Die Erinnerung wach halten Gedenken für die Opfer des Nationalsozialismus an der TU Braunschweig
Mehr als 50 Angehörige der damaligen TH Braunschweig wurden in der Zeit des Nationalsozialismus von der Hochschule vertrieben, entlassen, diskriminiert, verfolgt, ermordet. Die Opfer waren Studierende, Professoren, Assistenten, Arbeiter. Um diesen Menschen zu erinnern, fand am 9. November 2018 – der Tag, an dem sich die Reichspogromnacht zum 80. Mal jährte – eine Gedenkveranstaltung an der Carolo-Wilhelmina statt.

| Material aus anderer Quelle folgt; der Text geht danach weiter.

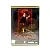 Кошмар на улице Вязов. Региональное издание (DVD)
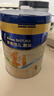 美素佳兒源悅幼兒配方奶粉（12-36月齡）3段罐裝800g*6（新國標） 曬單實(shí)拍圖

An der Stolperschwelle vor dem Altgebäude hielten Studierende sowie Mitarbeiterinnen und Mitarbeiter inne, als Greta Bodó vom AStA-Vorstand die Namen aller Opfer vorlas. „Wir sehen uns als Vertretung der Studierendenschaft verpflichtet, dass niemals jemand vergessen wird“, hatte der AStA in seiner Einladung zum Gedenken geschrieben. „Wir alle sind Mitglieder dieser Hochschule, wir alle sollten durch eine lebendige Erinnerungskultur und unser Handeln im Alltag diesem Verblassen entgegentreten“, betonte Sören Meier vom AStA in seiner Ansprache vor der Kranzniederlegung. Erneut könne mit Angst und Ausgrenzung Politik betrieben werden, erneut werde die Entlassung von Lehrenden gefordert, weil sie nicht in das politische Weltbild der Hetzenden passen, erneut folgen – getrieben von solchen verbalen Angriffen – nicht selten Taten. „Es obliegt uns, sich diesem entgegenzustellen.“
Zivilcourage zeigen
Die Präsidentin der TU Braunschweig, Professorin Anke Kaysser-Pyzalla, erinnerte daran, dass von den Hochschulen in der Zeit der nationalsozialistischen Herrschaft kein Widerstand ausgegangen sei. „Ich wünsche mir, dass wir alle dazu gelernt haben“, mahnte sie. Heute gebe es wieder Ansätze. Lehrende würden auf Internetplattformen denunziert. Auch an der TU Braunschweig gab es rechtsextreme Schmierereien, die Stolperschwelle wurde mehrfach übermalt. „Das ist absolut verabscheuungswürdig“, sagte die Präsidentin. Sie appellierte an alle, Zivilcourage zu zeigen und das Andenken zu schützen.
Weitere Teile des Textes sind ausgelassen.